IMO, the Niagara 35 would be a great boat for what you want to do.
They came from factory with rod rigging.
A nice one, well equipped, will be asking $50+.
I looked at 2, both were v-drives..maybe all are...dunno.
Both had weathered topsides, but solid far-cruising boats (inherent to these?).
It has good numbers...look em up...
They produced a later model, called Encore, with more common cabin layout. Personally, I dig the hardcore cruiser model w/o v-berth. Just makes sense...
The sole boards latch closed...has a deep bildge.
I think you could load a years' worth of staples on this boat...


----------



## krisscross (Feb 22, 2013)

Regarding the speed issue: Contest 33 has a PHRF rating of 192 which is a bit better than P365 (210) and about the same as CD33 (190). The hull to deck joint is actually one of Contest's stronger points, as it is glued, through bolted, and glassed over when the boat is assembled as two vertical halves. Yes, it is still a very slow boat.
As to general build quality, Contest boats built in the 1970's were considered well built and carried Lloyds certifications.


----------



## RegisteredUser (Aug 16, 2010)

That Contest looks like it has lots off goodies.
See if they are still good...
It could very well be set up for the plans you have.

Also, see what they go for over in Europe.

You're in a good location to go see boats...1 hard days drive to many popular ports.
Suggestion: When you find one that's a must-see, go ahead and line up others to see in that area...a 3-4 day weekend worth...bam, bam, bam...on a mission...
From the middle of FL you are only a few hrs away from any of the kajillion boats being offered.
Fly in and make the rental car company wish they had never rented to you...


----------



## travlin-easy (Dec 24, 2010)

Kriss, Saturday's Child is up for sale as this past week.
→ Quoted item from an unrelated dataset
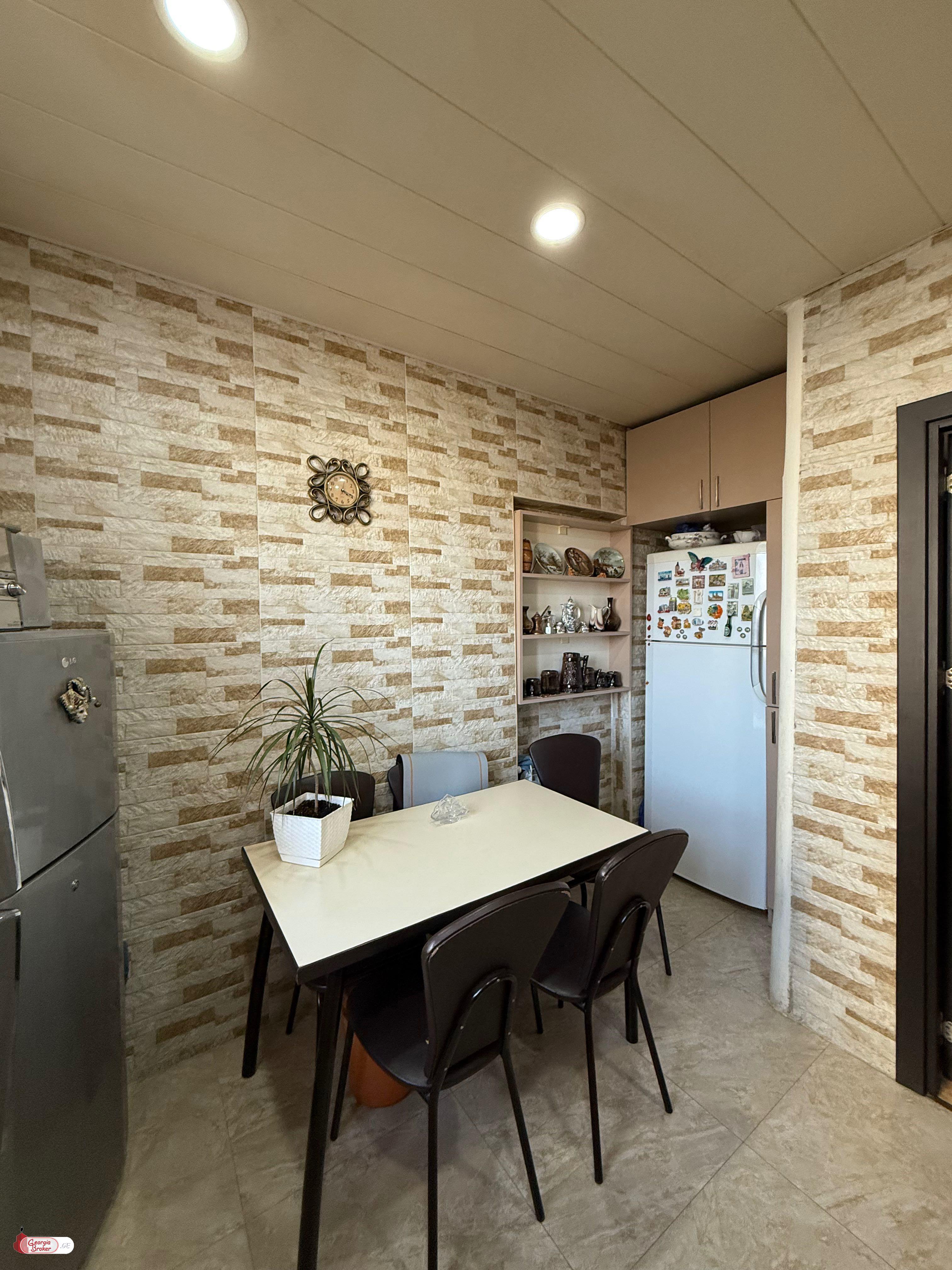 nearly repaired 4-room apartment for sale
It's within your budget, it's a turnkey operation, nothing to update or add, ready for cruising. I can take you out for a day anytime you wish.

Take a look at 1973 Morgan Out Island 33 sailboat for sale in Maryland






Gary


----------



## Jeff_H (Feb 26, 2000)

krisscross said:


> Regarding the speed issue: Contest 33 has a PHRF rating of 192 which is a bit better than P365 (210) and about the same as CD33 (190). The hull to deck joint is actually one of Contest's stronger points, as it is glued, through bolted, and glassed over when the boat is assembled as two vertical halves. Yes, it is still a very slow boat.
> As to general build quality, Contest boats built in the 1970's were considered well built and carried Lloyds certifications.


A couple quick comments,
The Contest hull to deck joint was problematic on our 25. There is a wooden rail fastened horizontally through the joint which leaked and was not accessible to be repaired.
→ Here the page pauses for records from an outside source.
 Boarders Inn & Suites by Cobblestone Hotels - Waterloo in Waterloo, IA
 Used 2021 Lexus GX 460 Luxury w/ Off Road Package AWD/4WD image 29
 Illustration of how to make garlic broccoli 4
I like the fin keel skeg hung , sloop rigged version of the 365 /367 which I think is rated at 195. I think that the 210 rating is the ketch version. But these boats while not exactly spritely, none the less sail very well.
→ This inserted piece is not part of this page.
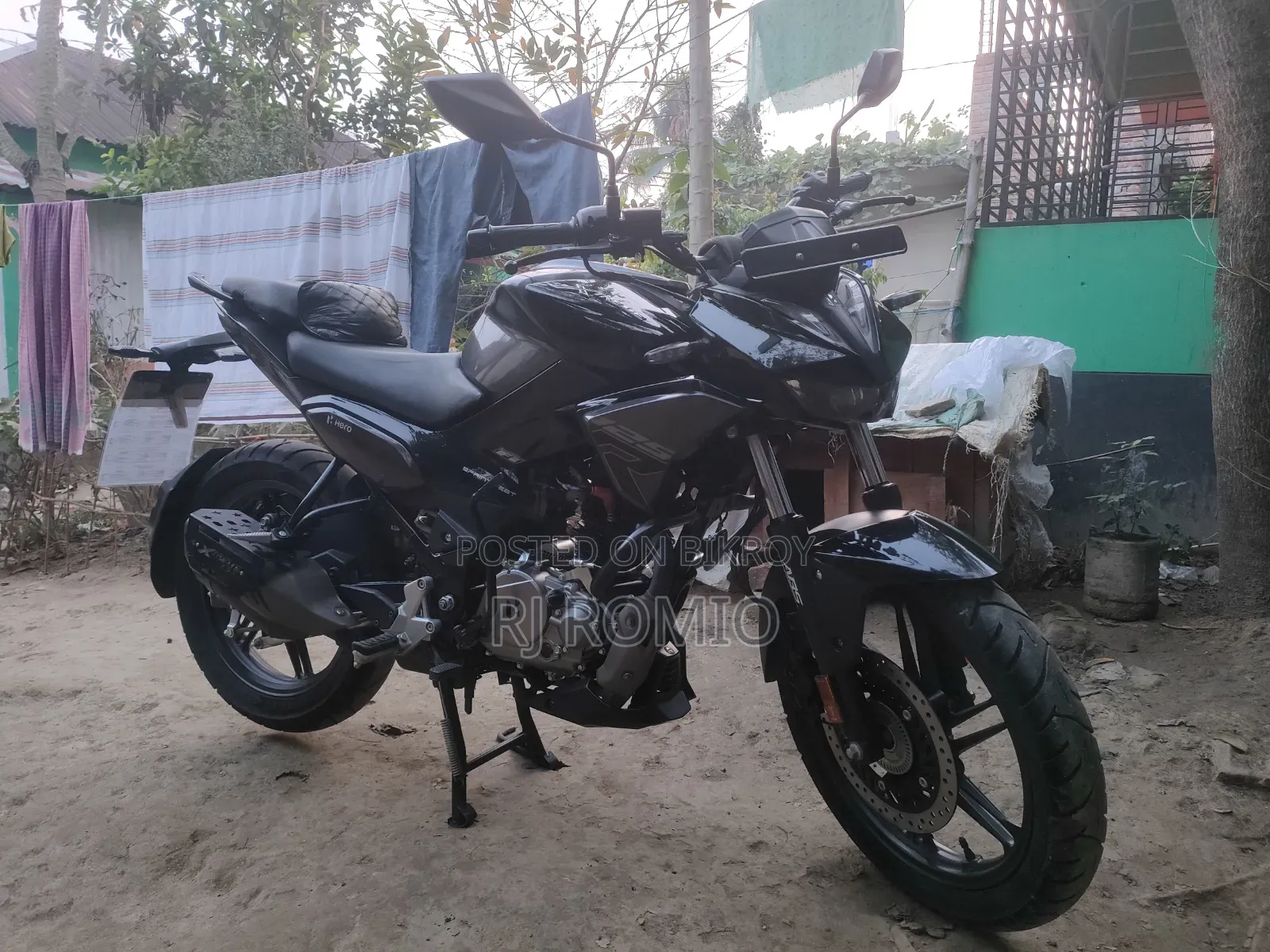 হিরো এক্সট্রিম ১২৫আর ২০২৫ কালো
The Morgan OI 33 has a rating of 215 and Gary has made comments about making modifications which might slow his boat further but make her more comfortable.

Jeff


----------



## krisscross (Feb 22, 2013)

As far as I know, this quote applies to Conyplex construction method used to build Contest 33:
"Conyplex assembles the hull and deck before building the interior; the opposite is the usual practice. The joint is glassed over with at least seven layers of cloth and also through-bolted. This is an extremely strong hull-to-deck joint that should never leak. By raising the deck a few inches above the joint, the joint, covered by a teak rubrail and stainless steel strip, is less vulnerable to damage from collision with pilings and other boats. This is a superb configuration, though again the raised deck increases apparent freeboard."
Hull to deck joint is one of my areas of focus when choosing a boat, as I have run into several leakers over the years that were royal PITA to fix. The early Contest 25-1 was quite a different animal. Contest 25-2 was a pretty popular (at least in Europe) IOR 1/4 ton design and it was a big improvement over the 25-1.


----------



## Lazerbrains (Oct 25, 2015)

krisscross said:


> Regarding the speed issue: Contest 33 has a PHRF rating of 192 which is a bit better than P365 (210)


That is a far better number than the SA/D ratio would suggest. 13's is motorsailor territory. I wonder if the sailboatdata has the numbers wrong. Would be worth looking into.

I have no idea re the build quality, but Lloyds is always a good standard. When you see it it should be obvious if it was built well.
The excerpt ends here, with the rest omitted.